Obviously, authority work adds a good deal of time to cataloging. For example, descriptive catalogers at the Library of Congress spend, according to one estimate, half their time in name authority work.[13] Since editors deal with a much more finite universe of names, it would probably be likely that efforts at achieving proper name forms might take only a maximum of one-quarter more processing staff time. As with most cataloging, the error rate runs very high; according to one study, if names occur more than ten times in a data base at least one error should be expected.[14]

The Goldman Papers approaches the issue of authority work in the following manner. All authors, recipients, and titles receive four-letter mnemonic codes. Names generally take, in order, the first two letters of the last name and the first two letters of the first (e.g., "goem" for Emma Goldman). Titles are coded using the first two letters of the first word, and the first letters of the next two important words. Living My Life, for example, takes the code "liml." When entering a document for the first time, processors, instead of entering the full name, attempt to input the four-letter code. The program seeks the code in the project's authority data base. If the program finds the code, it retrieves it and asks to verify the name. If not, the program prompts the user for new code; if so, the program writes the authorized name form directly to the record. If the program does not find the code in the authority files, the program gives the processor the opportunity to create a new entry in the name authorities file. Periodically, the microfilm editor reviews new entries for proper form.
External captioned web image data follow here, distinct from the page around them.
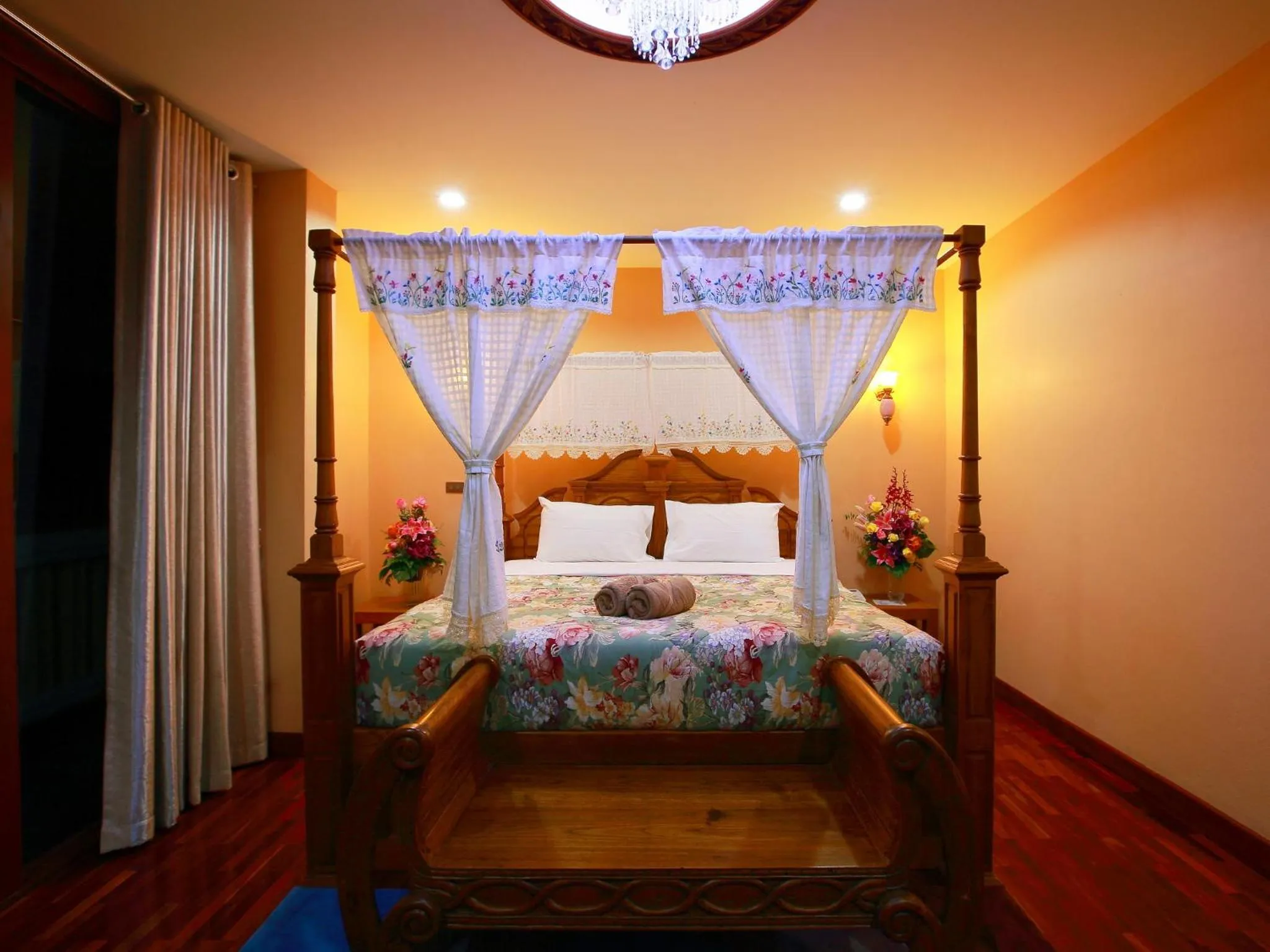 Bed in At Chiang Mai Hotel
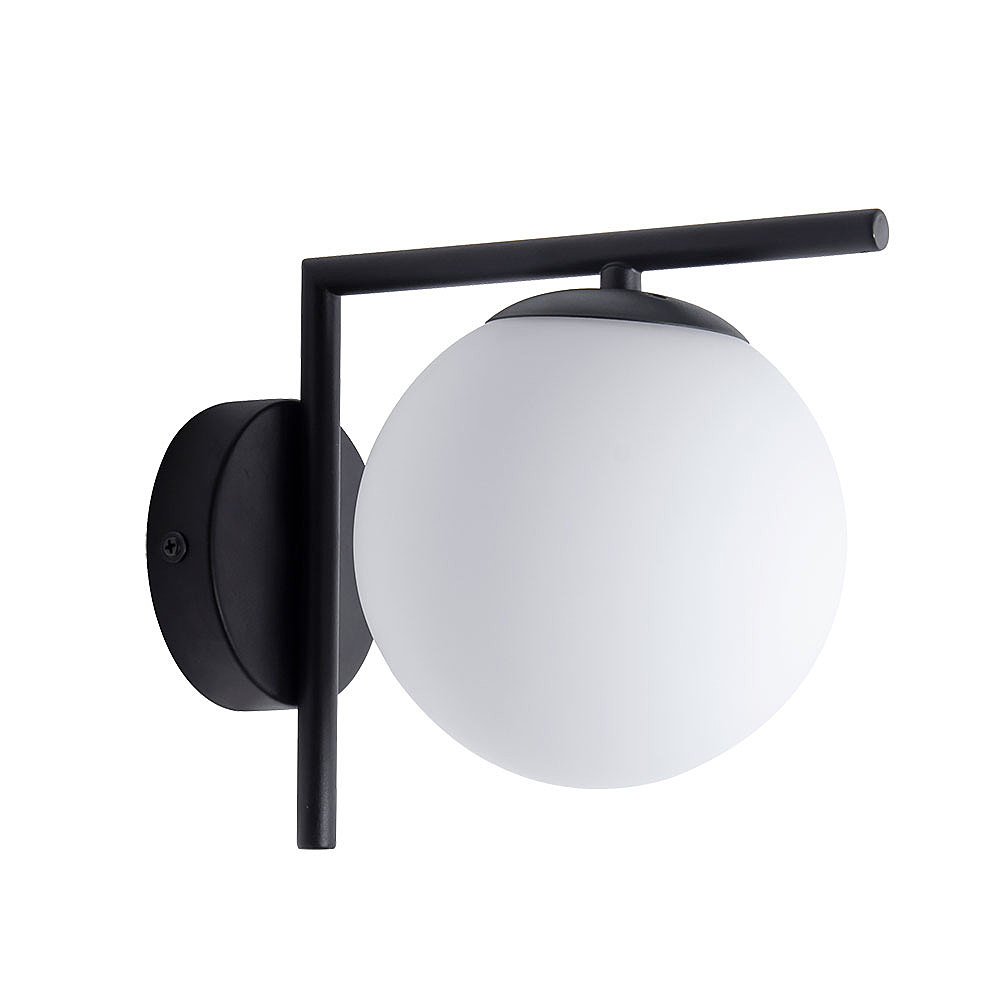 Настенное бра Arte Lamp Bolla-Unica A1924AP-1BK Настенное бра Arte Lamp Bolla-Unica A1924AP-1BK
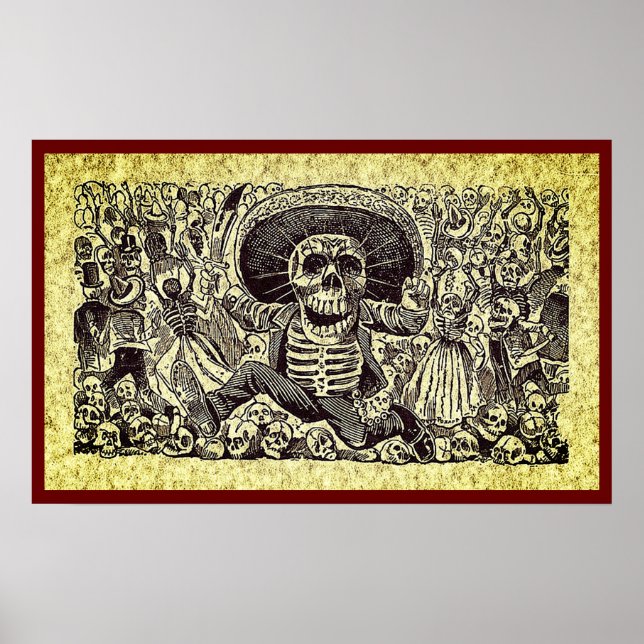 Affiche José Guadalupe Posada (Devant)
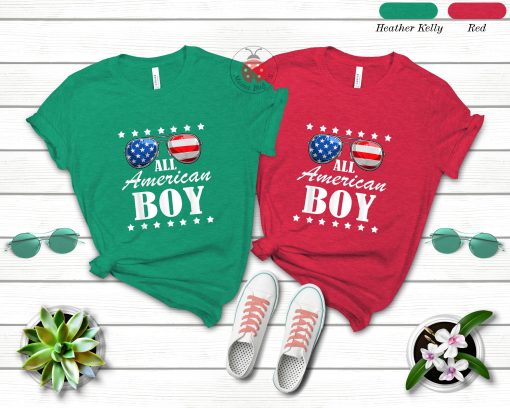 All American Boy 4th Of July America Independence Day Unisex T-Shirt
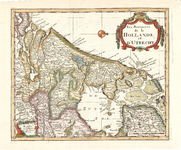 B18-17 Les Provences de la Hollande et d'Utrecht , 1734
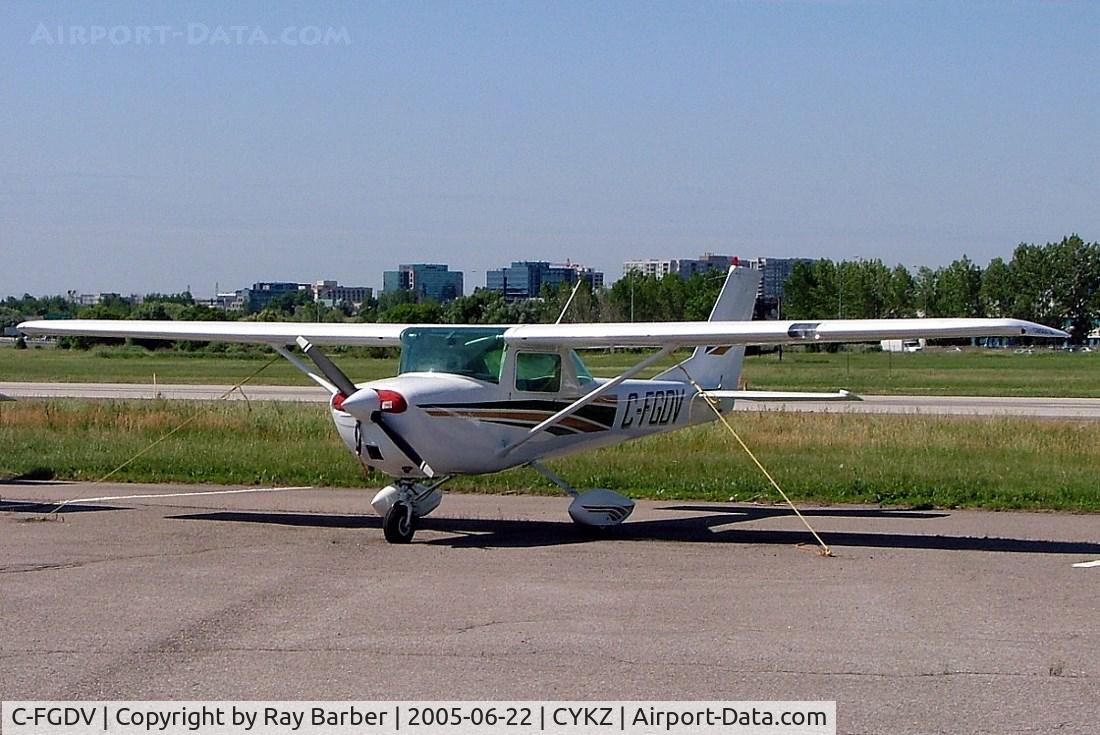 C-FGDV, 1968 Cessna 150H C/N 15067593, Cessna 150H [150-67593] Toronto-Buttonville~C 22/06/2005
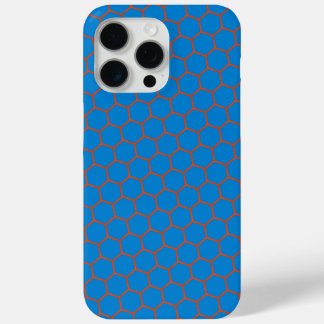 Funda Para iPhone 15 Pro Max Patrón geométrico caprichoso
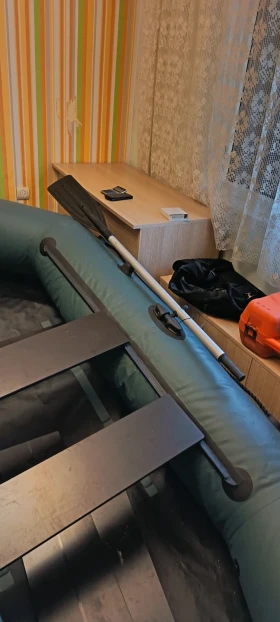 Надуваема лодка Bat BARK, снимка 5 - Воден транспорт - 52910032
The Goldman Papers system has several advantages for doing authority work. Since one entry creates all names in the main data base, variant forms do not occur. Eventually, the four-letter codes that appear in each record can be linked to any altered entries in the authority data base; hence if the forms the Goldman Papers uses differ from those of MARC Authorities, the MARC form can be entered in the authority data base to permit output in a form which allows for on-line searching.